[Caption-style text data]
┏━━

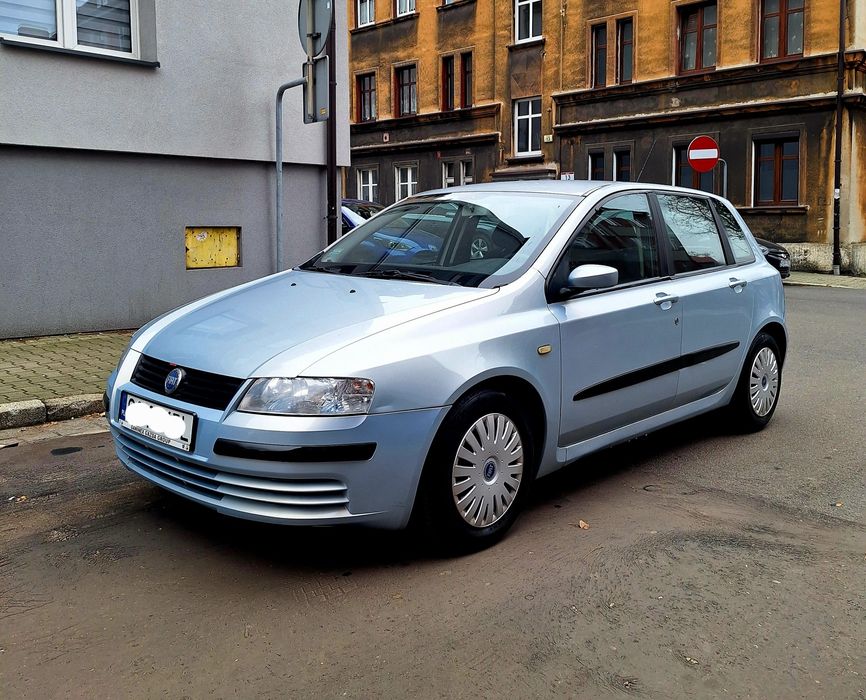 Fiat Stilo 1.6 16v GAZ za 25zł/100km zdrowy ocynk klimatyzacja
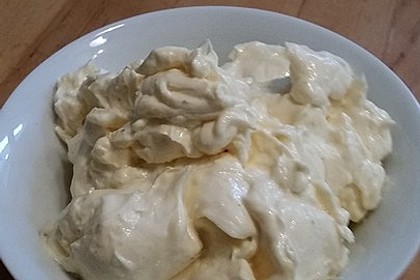Mayonnaise mit dem Pürierstab hergestellt 8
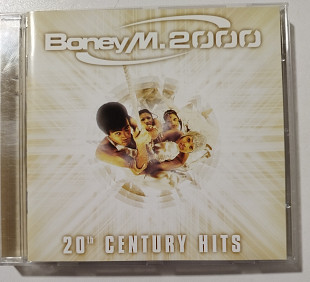 CD BONEY M. 2000 •1999 20th Century Hits (EU)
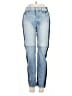 REVICE Color Block Solid Blue Jeans Size 27 waist - photo 1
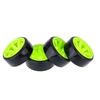 4Pcs/Set 1/10 Drift Car Tires Hard Tyre for Traxxas HSP Tamiya HPI Kyosho On-Road Drifting Car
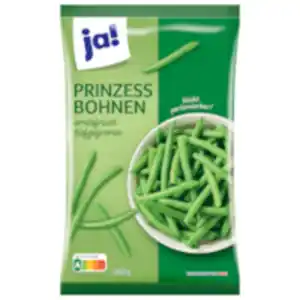 ja! Prinzessbohnen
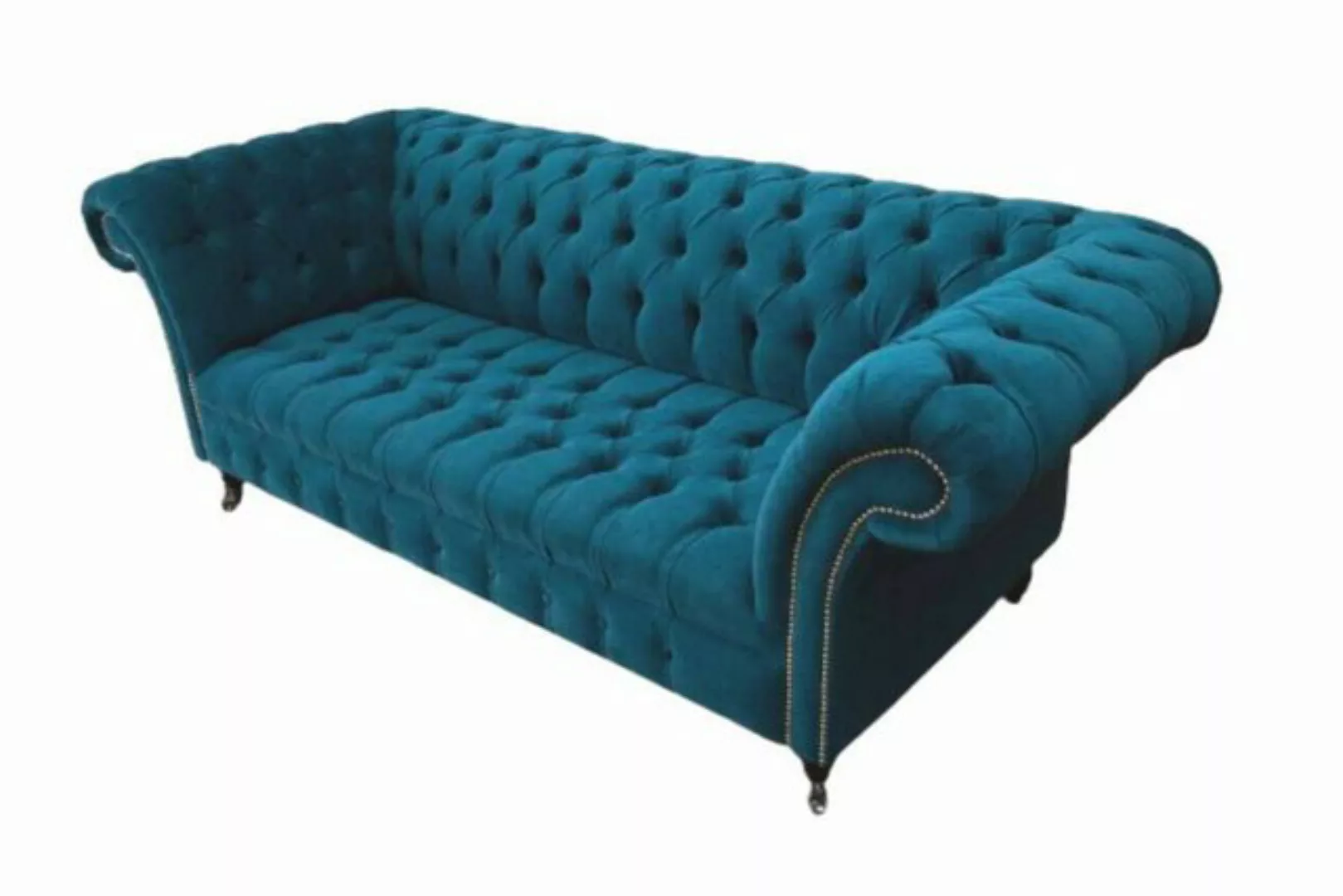 JVmoebel Chesterfield-Sofa, Sofa Chesterfield Wohnzimmer Klassisch Design S günstig online kaufen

┗━━

PROBLEM DETAILS: Please set down, exactly and with nothing added, the lines from the line with "Mayonnaise mit dem Pürierstab hergestellt 8" to the end of the entries above, omitting pictures.

OUTPUT BELOW:
Mayonnaise mit dem Pürierstab hergestellt 8
 CD BONEY M. 2000 •1999 20th Century Hits (EU)
 REVICE Color Block Solid Blue Jeans Size 27 waist - photo 1
 4Pcs/Set 1/10 Drift Car Tires Hard Tyre for Traxxas HSP Tamiya HPI Kyosho On-Road Drifting Car
 ja! Prinzessbohnen
 JVmoebel Chesterfield-Sofa, Sofa Chesterfield Wohnzimmer Klassisch Design S günstig online kaufen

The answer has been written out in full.